Please pass the salt. This is a common request during meal-times. There are people whose meals are not tasty enough without additional salt.
Interestingly, some add salt to food without first tasting it in the belief that the cook habitually seasons food with very little. Are you one of them?
According to a communiqué issued by the World Health Organisation last week, salt consumption raises blood pressure, causes hypertension, and increases the risk of premature death.
In fact, high salt intake is associated with significantly increased risk of stroke and cardiovascular diseases.
The main reason for the use of salt is flavour, texture and preservation. In the African traditional setting, too much salt was said to lead to pain in the knee-joints, thus making movement difficult, but so far no medical research has supported this idea propagated by our grandmothers.
But our grandmothers could have been right. Not about the effect of salt on the knee-joints though, but the fact is that too much salt has proved to be dangerous to the heart because it increases pressure.
A cardiologist I interviewed pointed out that salt is a worse trigger of high blood pressure than obesity, diabetes, and excess alcohol combined.
Back in history, so rare was salt that it was used as currency in the trans-Saharan gold trade in the 7-14th centuries. Although the supply of salt was sufficient in sub-Saharan Africa, the consumption of Saharan salt was promoted for trade.
The alarm about the salt-intake-hypertension relationship was first raised in 1904 when French doctors reported that six of their subjects had high blood pressure.

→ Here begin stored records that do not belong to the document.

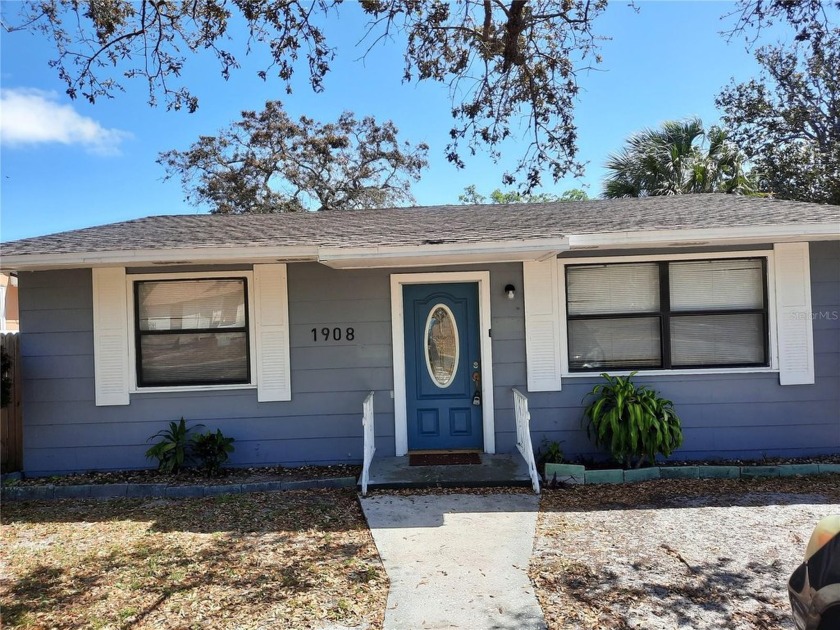 Ideally located in the heart of South St Petersburg, minutes to - Beach Townhome/Townhouse for sale in St. Petersburg, Florida on Beachhouse.com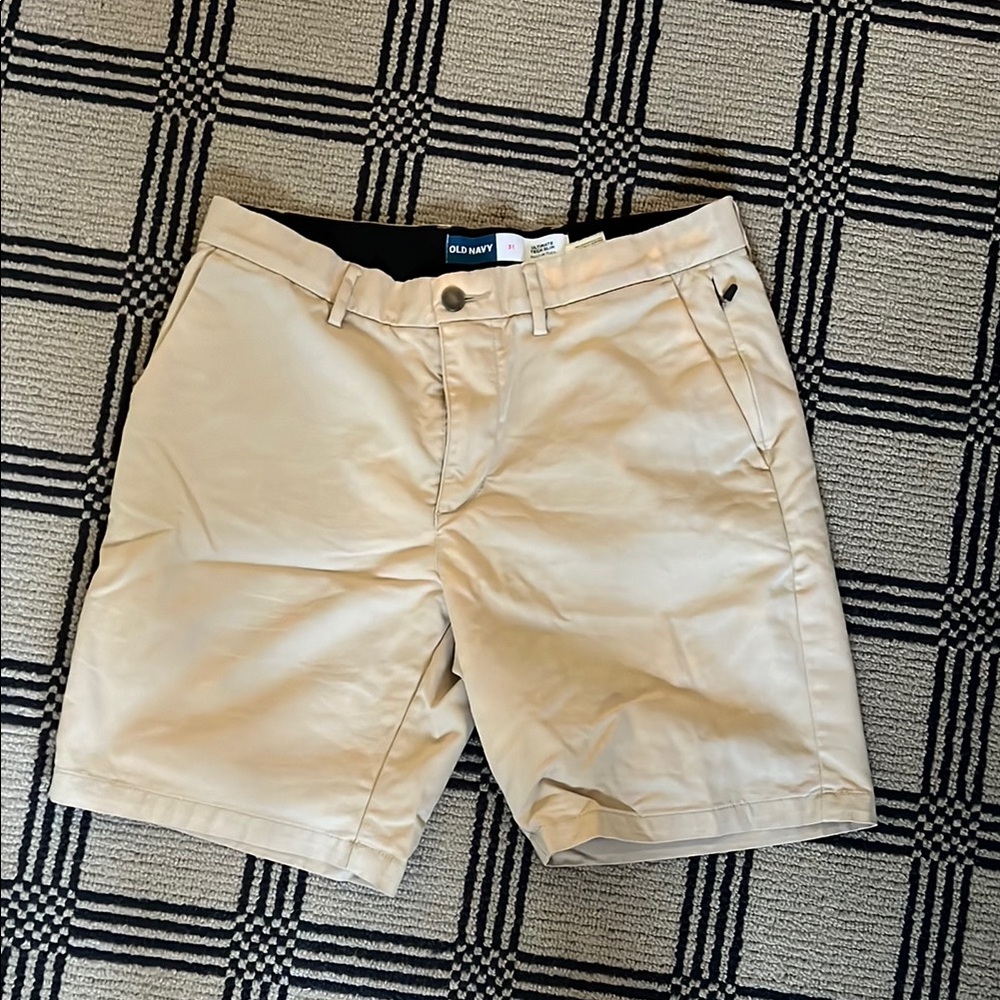 Old Navy Men's Tan Shorts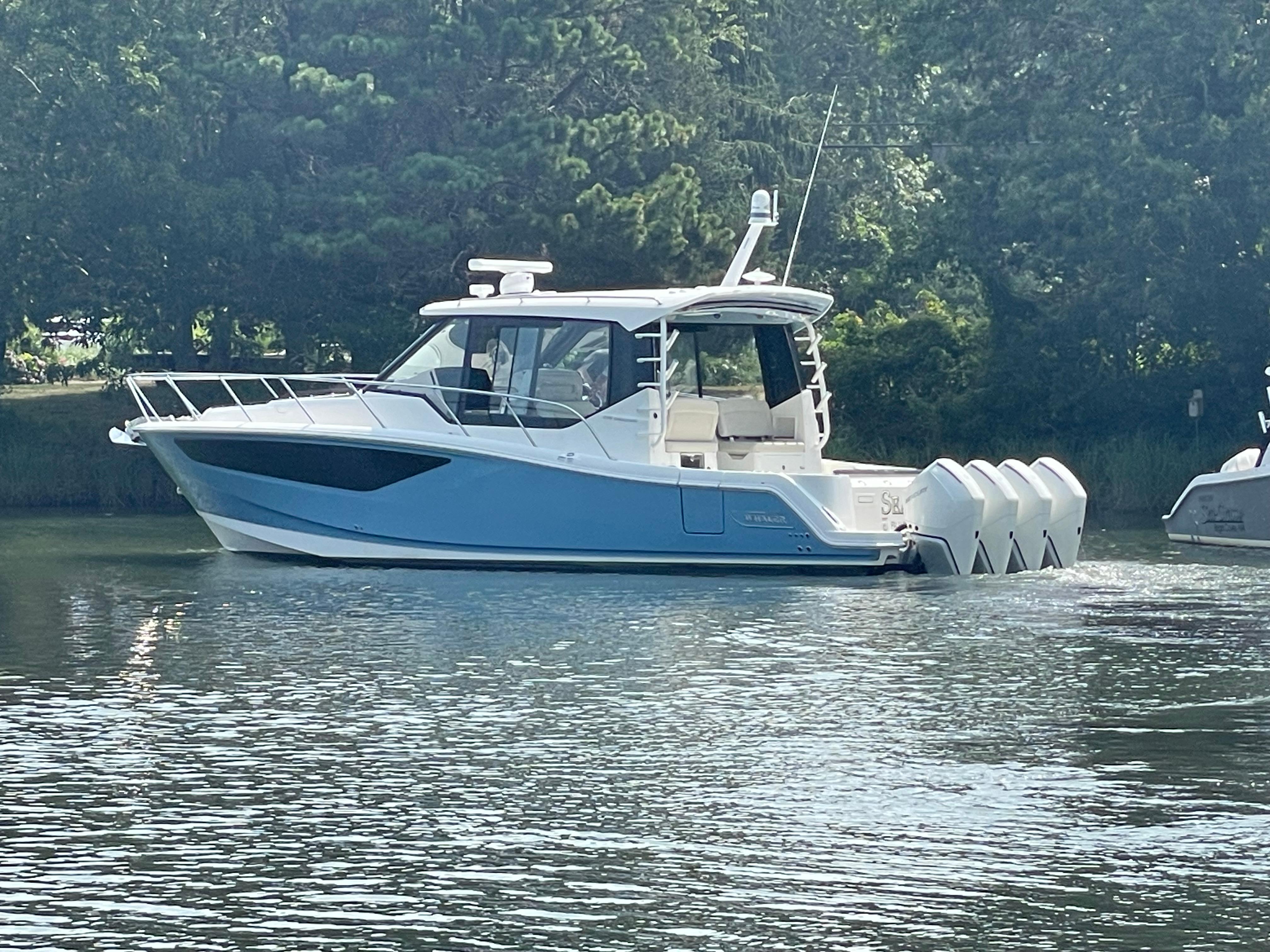2021 Boston Whaler 405 Conquest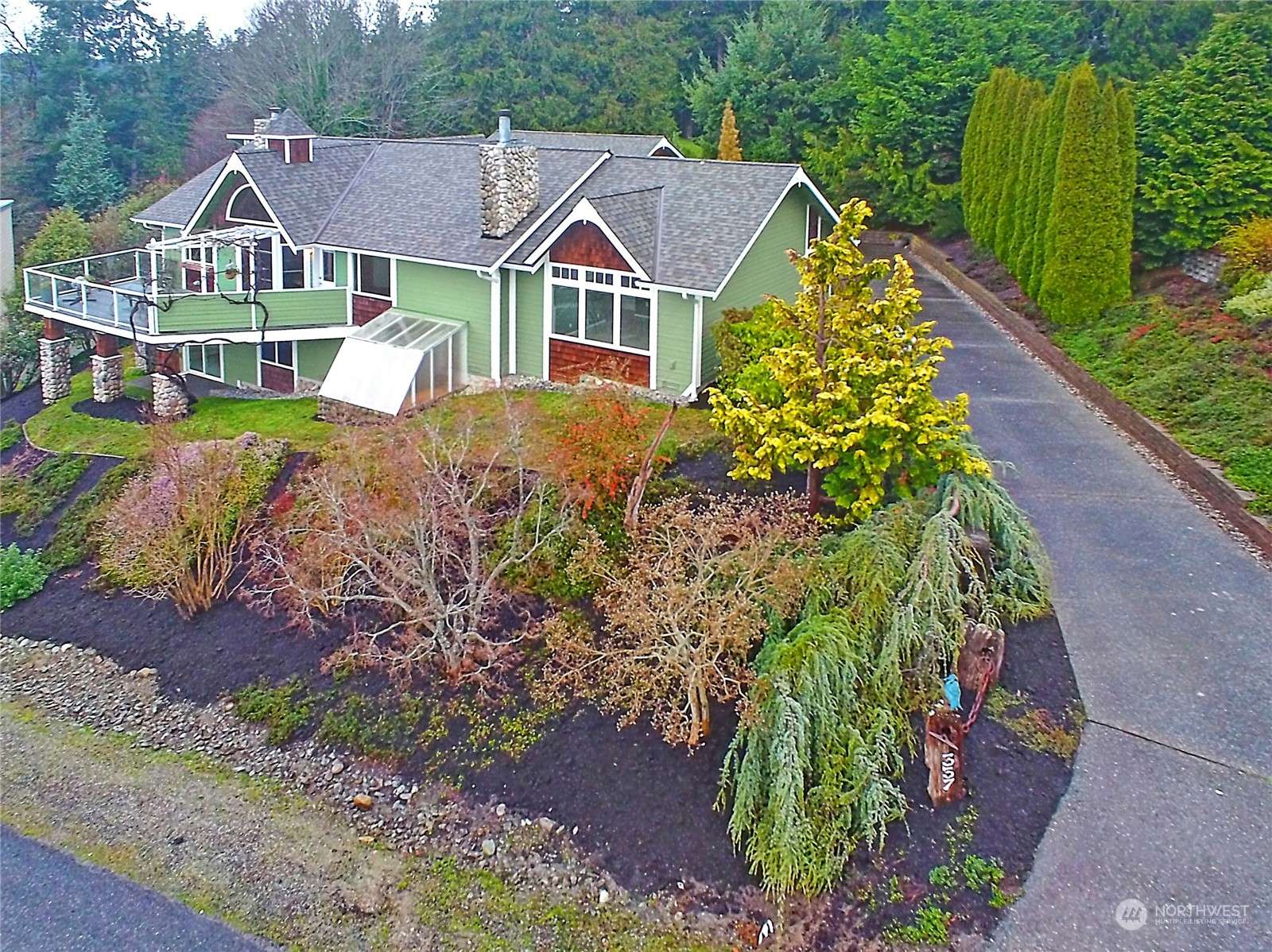 Camano Island, WA 98282,337 Moana DR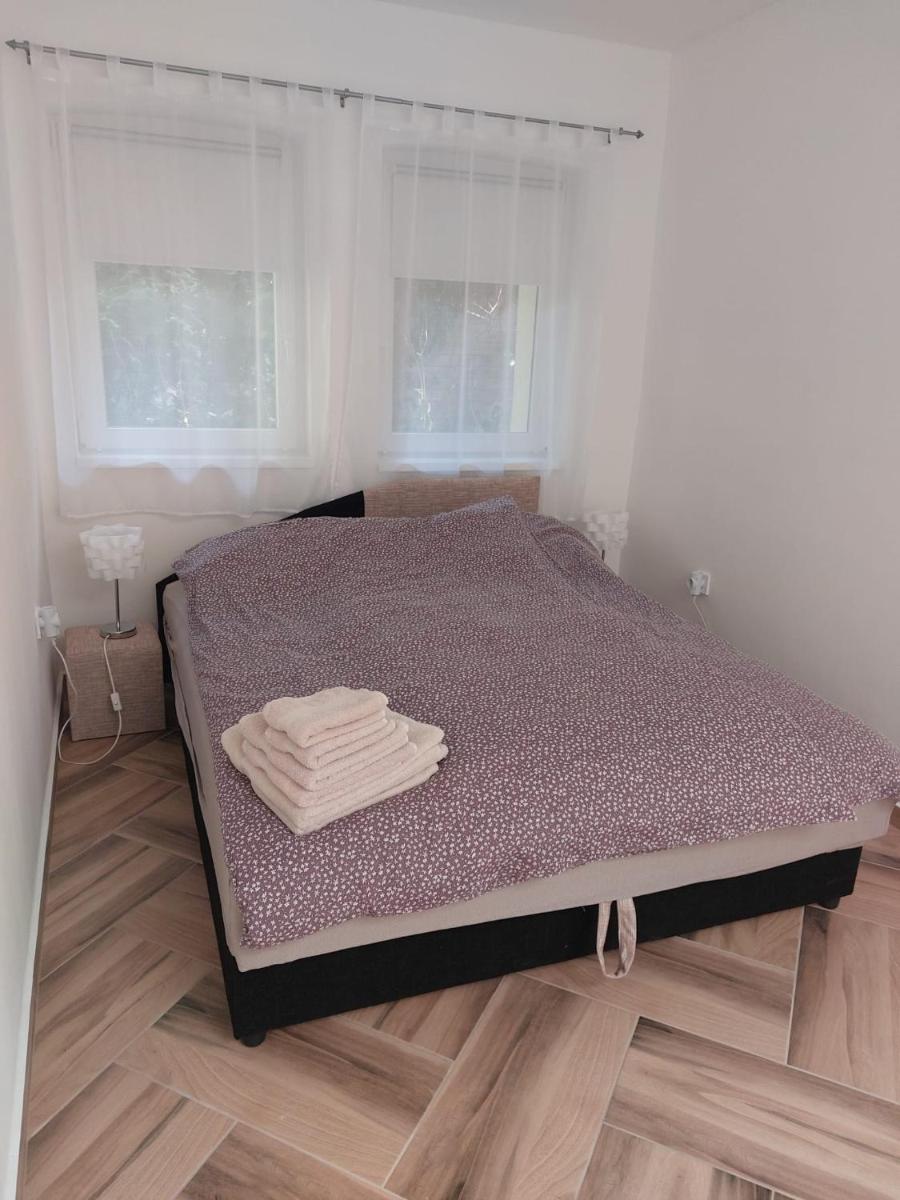 Szépasszonyvölgy Apartman - Housity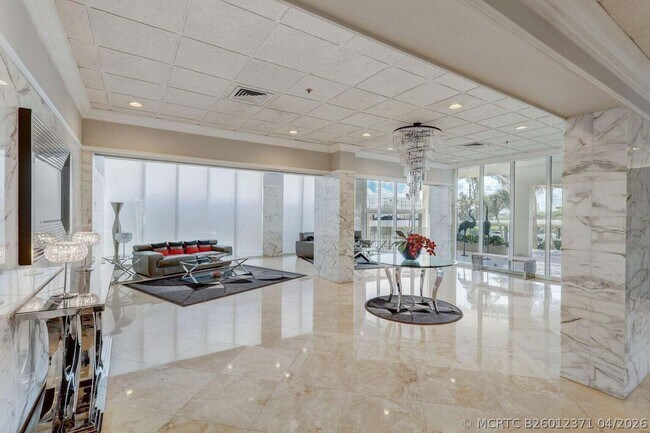 Foto del edificio - 5440 N Ocean Dr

Sadly, Kenya lacks data on salt consumption, making it difficult to know the risk of the population developing hypertension triggered by high salt diets.
Such crucial data would be used to draw public health programmes aimed at raising awareness on the issue.
Nutritionists advise that you should spice up your food with herbs, spices and vinegars. They also prefer cooking methods that preserve flavour such as steaming, roasting or baking.
Few Kenyans pay attention to information labels on processed foods, which are another source of salt, yet 75 per cent of the salt we eat is already in everyday foods such as bread, breakfast cereal and ready meals.
You are advised to choose products with sodium content no higher than 120 mg/100g. International recommendations suggest that average population salt intake should be less than five to six grammes per day.
It is a scientific fact that salt in food is an acquired taste, and thus the taste buds can be “trained” to become used to a wide range of salt levels in food, or none at all.
How about boiling food? Boiling can result in loss of potassium and flavour, which may entice you to add salt after cooking.
Maybe it’s time we went back to what nutritionists refer to as “natural diet” of fresh fruit, vegetables and nuts, together with lean fresh meat and/or fish.
Are you prepared to remove salt from kitchen shelves and dining tables? Let hypertension not prompt you to do so.
Ms Muraya is a health journalist, Daily Nation and a second year Master of Public Health student at Moi University.